Not long ago, I ran into a friend whom I hadn’t seen in a while. She asked about my daughters and mentioned that the last time we’d talked my younger child was having trouble sleeping. It was an old parenting crisis that had been resolved some time ago and had faded from my memory. Our conversation was a good reminder that the current parenting issues–and all other life issues–will someday fade as well and become less relevant. Less all-consuming.
But how easy it is to forget this, and narrow our thinking. We become completely absorbed in whatever is the crisis-of-the-day, and see the current events in our life as all-important. And while it is necessary to pay attention to our present situation, often we become so wrapped up in daily life–our plans, dilemmas, and dramas–that we lose perspective of the long view.
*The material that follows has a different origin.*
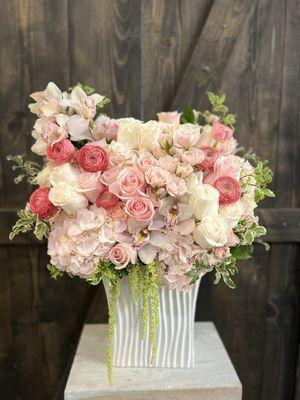 Light pink tall vase arrangement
We forget that with time, this too shall pass.
Keeping perspective of our place in time–that we and our current crisis are but a mere speck of existence in the history of humankind–is what psychologist Barbara Fredrickson calls “broadening.” She suggests consciously expanding our narrow thinking to help boost problem-solving and improve quality of life. She says that when we stretch our thoughts to take in as much as we can we “see both the forest and the trees.”
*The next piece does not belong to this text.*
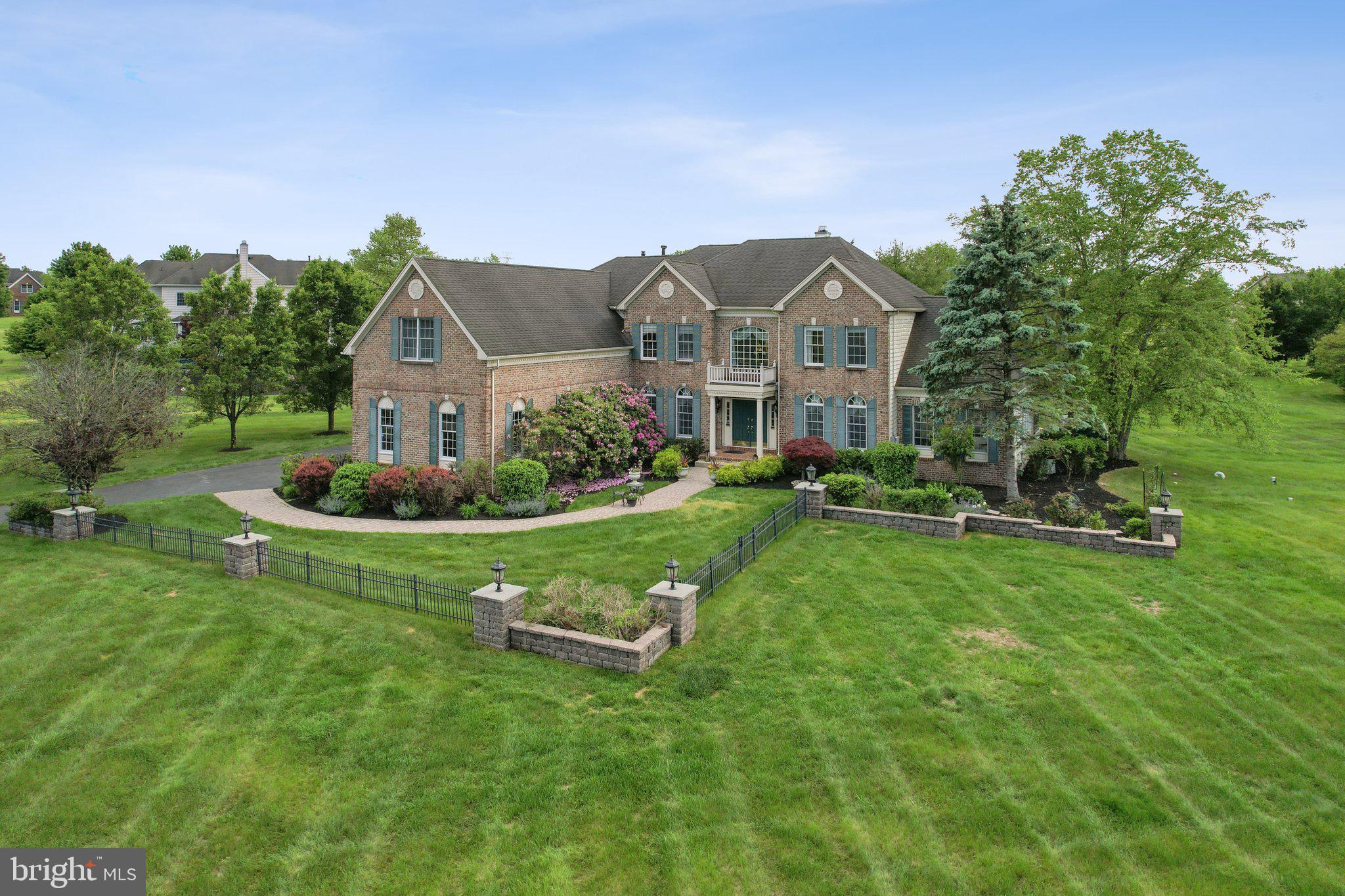 1 Baker Way Pennington, NJ 08534 - Photo 59 of 77 a front view of a house with a yard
One trick to help create a sense of broadening is to seek advice from the future. Ask yourself this question and see what response comes to mind: What advice would your future self give to your current self?
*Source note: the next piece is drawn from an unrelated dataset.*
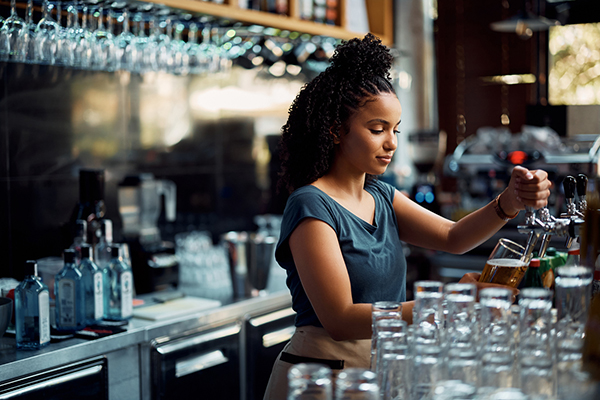 Woman pulling a pint in the pub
I had to walk around with this question in my head for several days before receiving the advice to not worry so much about getting everything right. To let go of all the little details and just enjoy this time as it is.
After receiving my answer, I immediately felt a sense of ease, and was able to settle more peacefully into the present moment. I had permission to let go of my efforts to forestall all the unknowns that tomorrow might bring.
Sure, this exercise is contrived and out on a New Age limb, but I think there is something to it. I firmly believe that a tremendous amount of wisdom lies within each of us, and that it is just a matter of asking the right questions. With that in mind, I sent the future advice question out to those I love best to see what kind of reaction it triggered in them.
I had several responses almost immediately. Some short, some long. A main theme among them was to worry less and keep things simple. Others: to invest some time and energy into self-care, remember to engage in activities you love, and to be happy.
Corrie Kate sent an itemized list of seven pieces of advice from her future self, the last being, “Know you are blooming right where you are planted, and that you are supposed to be there. Learn what you can from each day.”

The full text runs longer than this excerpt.